Thanks for your feature request!
I guess it's worth thinking about. The only issue would be that it's not possible to call mongoc_cleanup()
reliably from Lua.
It's indeed possible to call some sort of a "library destructor", but it would be incorrect to make a call to mongoc_cleanup()
in it because there's no guarantee that some other Lua instance (or even a totally unrelated instance) in a separate thread is not using Mongo C Driver. To the contrary, multiple calls to mongoc_init()
are perfectly fine.
Without a call to mongoc_cleanup()
, a process will be left with some sort of a worker thread running in the background. Tools like Valgrind will show leaks for such a process at the very least. There may be other minor side effects I guess.

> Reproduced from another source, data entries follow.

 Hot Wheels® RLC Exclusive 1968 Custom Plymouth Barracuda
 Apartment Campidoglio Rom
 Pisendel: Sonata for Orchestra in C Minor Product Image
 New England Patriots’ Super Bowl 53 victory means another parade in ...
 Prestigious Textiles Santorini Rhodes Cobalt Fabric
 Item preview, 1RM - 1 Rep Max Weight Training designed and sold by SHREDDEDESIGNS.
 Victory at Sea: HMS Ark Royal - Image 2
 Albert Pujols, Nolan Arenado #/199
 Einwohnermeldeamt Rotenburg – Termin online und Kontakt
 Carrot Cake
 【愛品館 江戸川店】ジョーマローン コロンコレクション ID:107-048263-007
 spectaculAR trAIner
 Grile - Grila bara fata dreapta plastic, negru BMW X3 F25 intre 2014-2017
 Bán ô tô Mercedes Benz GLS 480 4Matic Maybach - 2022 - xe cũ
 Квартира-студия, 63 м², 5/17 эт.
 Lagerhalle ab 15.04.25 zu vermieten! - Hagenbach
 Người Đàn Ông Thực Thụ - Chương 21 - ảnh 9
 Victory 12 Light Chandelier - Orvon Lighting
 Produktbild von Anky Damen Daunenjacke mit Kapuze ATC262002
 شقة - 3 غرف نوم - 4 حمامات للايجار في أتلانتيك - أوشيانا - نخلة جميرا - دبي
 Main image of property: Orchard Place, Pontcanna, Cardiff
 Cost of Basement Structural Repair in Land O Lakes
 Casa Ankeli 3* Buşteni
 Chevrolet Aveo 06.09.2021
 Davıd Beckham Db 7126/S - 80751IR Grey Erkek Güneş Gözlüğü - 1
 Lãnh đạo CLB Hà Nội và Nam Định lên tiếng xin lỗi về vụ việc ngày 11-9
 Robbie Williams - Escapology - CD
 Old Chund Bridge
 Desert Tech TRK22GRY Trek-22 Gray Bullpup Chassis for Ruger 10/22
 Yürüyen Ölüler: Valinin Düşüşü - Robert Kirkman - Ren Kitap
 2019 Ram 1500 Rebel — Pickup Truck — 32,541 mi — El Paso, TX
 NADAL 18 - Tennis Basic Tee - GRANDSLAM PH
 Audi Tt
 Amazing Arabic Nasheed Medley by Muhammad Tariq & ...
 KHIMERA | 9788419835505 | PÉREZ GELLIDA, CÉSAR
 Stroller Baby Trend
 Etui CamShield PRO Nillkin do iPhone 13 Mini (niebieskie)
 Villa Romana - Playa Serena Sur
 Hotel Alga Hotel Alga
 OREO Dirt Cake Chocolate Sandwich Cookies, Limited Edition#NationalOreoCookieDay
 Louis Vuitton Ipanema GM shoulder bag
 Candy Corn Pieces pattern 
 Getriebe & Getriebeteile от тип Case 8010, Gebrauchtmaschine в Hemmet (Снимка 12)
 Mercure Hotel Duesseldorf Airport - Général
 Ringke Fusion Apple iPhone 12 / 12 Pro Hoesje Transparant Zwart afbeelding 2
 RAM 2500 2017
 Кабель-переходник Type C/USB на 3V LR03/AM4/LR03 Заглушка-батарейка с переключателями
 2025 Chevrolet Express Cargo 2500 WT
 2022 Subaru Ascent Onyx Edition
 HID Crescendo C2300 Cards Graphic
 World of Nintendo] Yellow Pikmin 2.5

Thanks for your reply. I would like to use client_pool in a nginx luajit module. Currently, mongoc_cleanup() is not implemented, but the resource should be released when the worker thread exist. And so that client_pool should be released when worker exist, right?
It seem not a problem when using nginx luajit VM, am I correct?
I assume you're talking about OpenResty.
First of all, there's not much sense in using Mongo C Driver (and lua-mongo as a result) in Nginx for one simple reason - it does not have an asynchronous API which means it will block a worker process on each I/O operation. In other words, the absence of an async API defies the whole purpose of Nginx's asynchronous I/O engine.
Not calling mongo_cleanup()
doesn't seem to cause any real problems for most cases except when debugging is needed.